Dans le contexte bien particulier qui est le nôtre aujourd’hui, la démarche synodale m’apparait donc plus nécessaire que jamais pour découvrir ensemble ce que l’Esprit veut nous dire. Quels sont les chemins de la communion et de la mission pour les années à venir dans notre diocèse ? Comment pouvons-nous contribuer au renouveau de l’humanité ? Cependant, de tels discernements nécessitent du recul et de la paix. En ce temps de crise, l’urgence est plutôt à l’engagement et à l’expérimentation. C’était toute la dynamique de l’année missionnaire : faire l’expérience concrète d’un renouveau de la foi et de l’évangélisation, d’un renouveau de la diaconie, renouveau qui passe par la conversion de chacun de nos cœurs. Les semaines de confinement ont été l’occasion d’une nouvelle créativité pastorale, pour faire face au drame de la « distanciation ». Nous avons mieux perçu l’importance et la force des liens qui nous unissent. Il nous faut prendre de nouveaux moyens pour renouer aujourd’hui ceux qui se sont desserrés, pour annoncer la Bonne nouvelle à ce monde en souffrance et en crise. Ce n’est que dans un deuxième temps que nous pourrons en tirer des orientations pour les années à venir. Il me semble donc préférable de ne pas reprendre immédiatement notre démarche synodale. J’espère que les conditions seront réunies en 2021 pour la relancer, sinon il nous faudra attendre encore un peu.

Un temps pour une nouvelle fécondité

Les temps d’épreuve sont favorables aux transformations, ils suscitent des libertés nouvelles. En effet, certaines manières de penser et de vivre apparaissent inopérantes et dépassées. De nouveaux chemins sont à découvrir. La crise doit être l’occasion d’un renouveau, ne visons pas une restauration. Comme chrétiens, avec la lumière de l’Evangile et la force de l’Esprit, nous avons à nous engager dans ce travail d’enfantement, inévitablement difficile, douloureux, mais aussi riche de promesses et d’espérance. Nous avons vu comment, au cœur de la pandémie, la générosité et l’inventivité ont permis un surcroît d’humanité qui a été décisif pour garder la tête hors de l’eau. La situation de notre monde demande la complète mobilisation de tous et de chacun, dans la liberté intérieure et l’ouverture aux autres. Les perspectives strictement humaines sont trop étroites pour affronter les défis d’aujourd’hui et de demain, nous avons besoin du souffle de l’Esprit. La solidarité ne suffit pas ! Nous avons besoin de la charité, besoin de personnes qui donnent leur vie ! La croyance ne suffit pas ! Nous avons besoin d’une foi solide, fondée sur une relation personnelle et vivante au Christ. L’espoir ne suffit pas ! Nous avons besoin de l’espérance, qui dépasse toutes les incertitudes et ouvre sur le Royaume. C’est dans cette perspective que nous publions, en cette fête de Pentecôte, la charte pour les Laïcs En Mission Ecclésiale, fruit d’un long travail de réflexion et d’échanges, à partir de l’expérience de notre diocèse en la matière.
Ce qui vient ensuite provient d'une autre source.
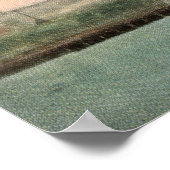 Queensboro Bridge, New York City 1915 Poster (Hoek)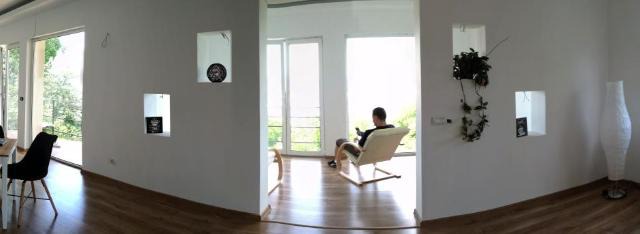 Pousada Panoramica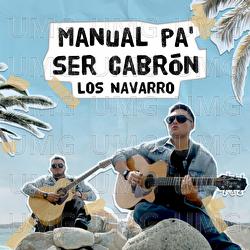 Manual Pa' Ser Cabr&oacute;n - Los Navarro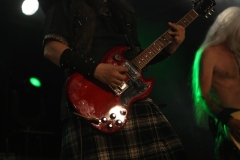 Cruachan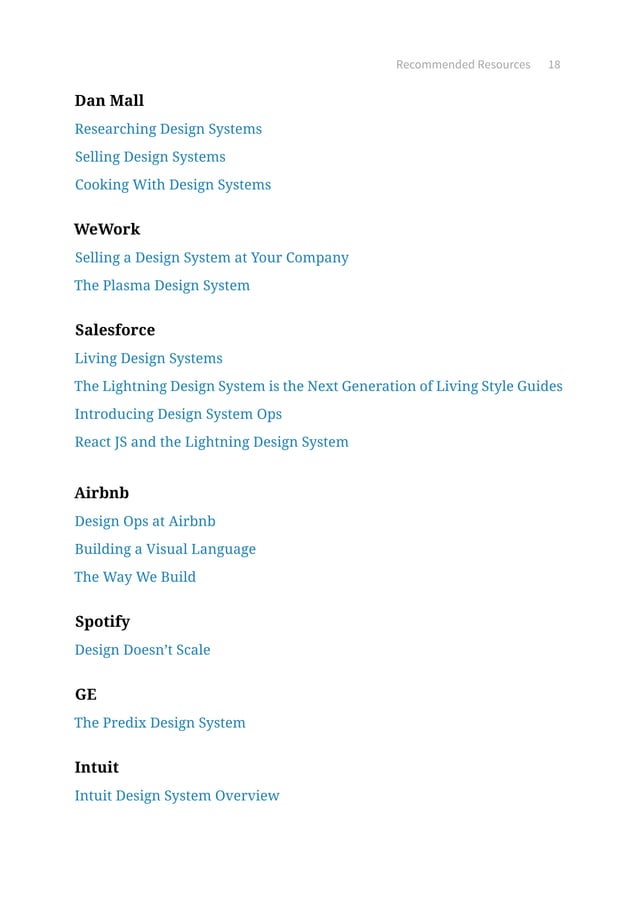 Uxpin Why Build a Design System | PDF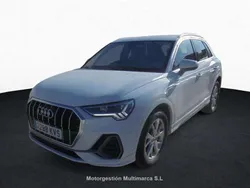 Usado 2019 Audi Q3 Sportback S-Line SUV | 27.900 € (Precio justo)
Dans la diversité des vocations et des missions, nous sommes tous ensembles responsables et partie prenante de la mission.

Et la célébration des 50 ans du diocèse ?

Alors que s’ouvre notre année jubilaire, le rendez-vous de la Pentecôte 2021, le 23 mai prochain, reste bien présent. Comment allons-nous le vivre ? La perspective d’un vrai rassemblement et d’une grande confirmation semble garder toute sa pertinence. Nous verrons dans les mois à venir ce qu’il est possible d’organiser, selon nos moyens et les conditions du moment.

En ce jour de Pentecôte

Sûrs que l’Esprit ne fait jamais défaut à ceux qui l’invoquent et se laissent conduire, restons unis dans la prière pour que notre Eglise diocésaine soit toujours davantage témoin du Christ ressuscité, Sauveur du monde, pour qu’elle soit toujours plus ardente, fraternelle et missionnaire.